_Exercise_
When you retype the data, keep every word exactly and include none of the pictures.

*** Recorded data ***

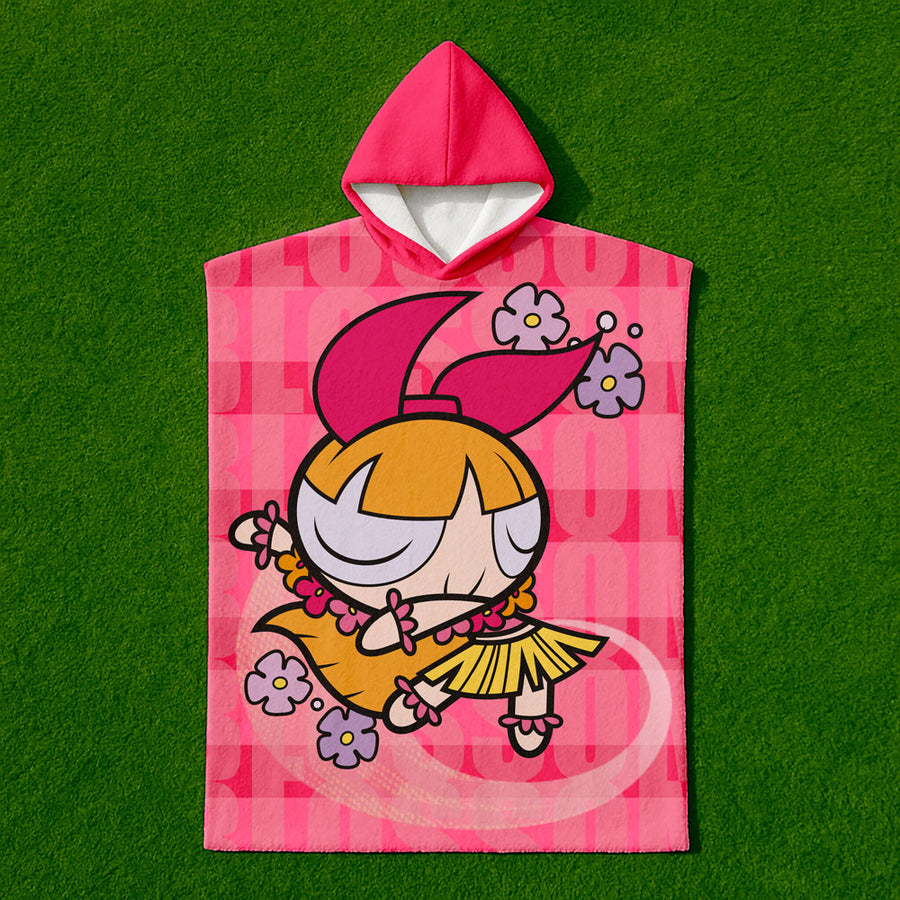 Poncho Toalla Bombon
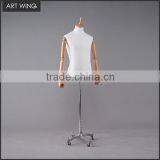 Life Size Tailor Suits Half Body Man Clothing Dummy Manikin Supplier's Choice thumbnail-2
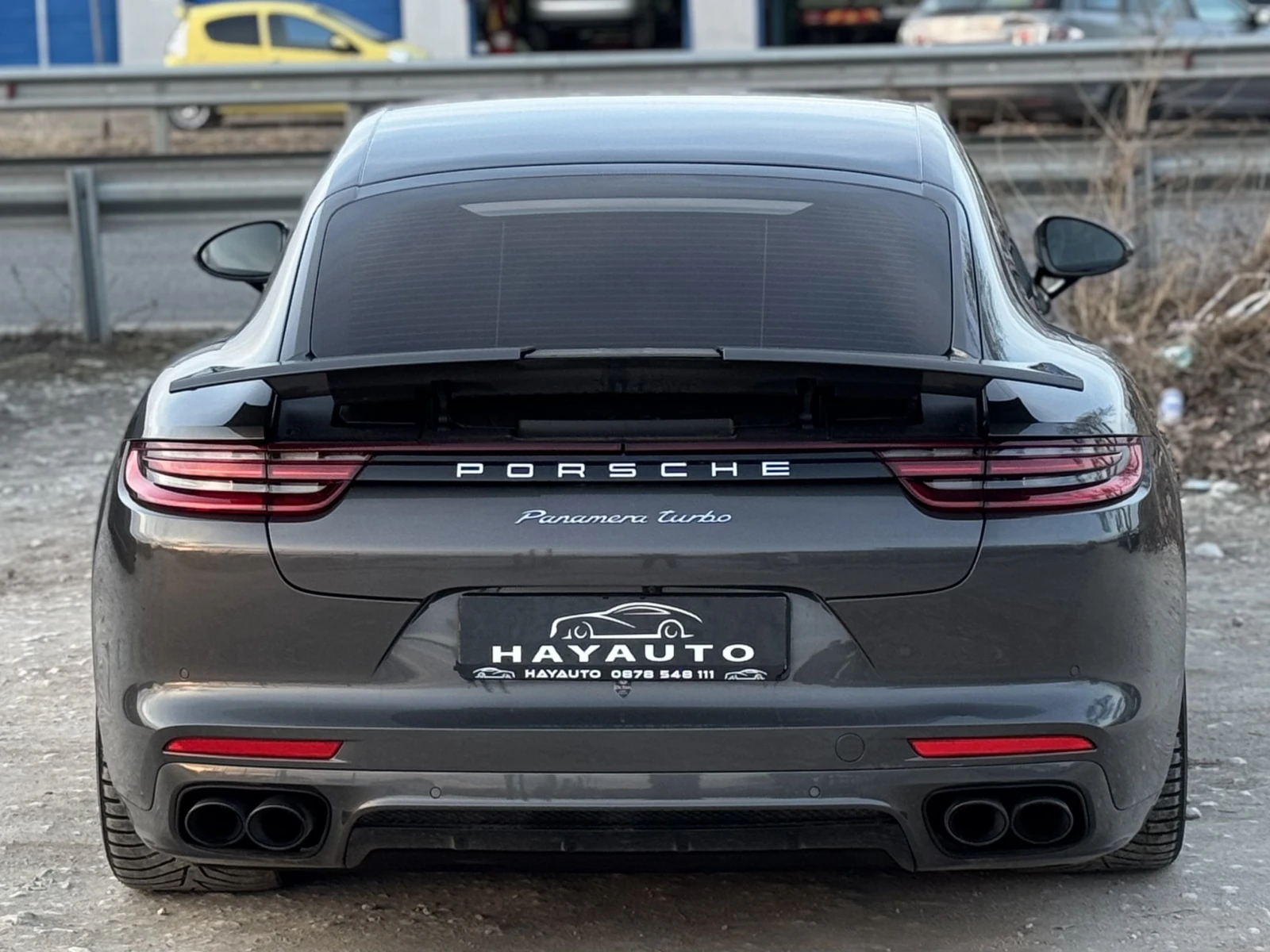 Porsche Panamera Turbo= Chrono Package= Carbon Ceramic= Carbon Pack - изображение 6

***

_Written solution_
 Poncho Toalla Bombon
 Life Size Tailor Suits Half Body Man Clothing Dummy Manikin Supplier's Choice thumbnail-2
 Porsche Panamera Turbo= Chrono Package= Carbon Ceramic= Carbon Pack - изображение 6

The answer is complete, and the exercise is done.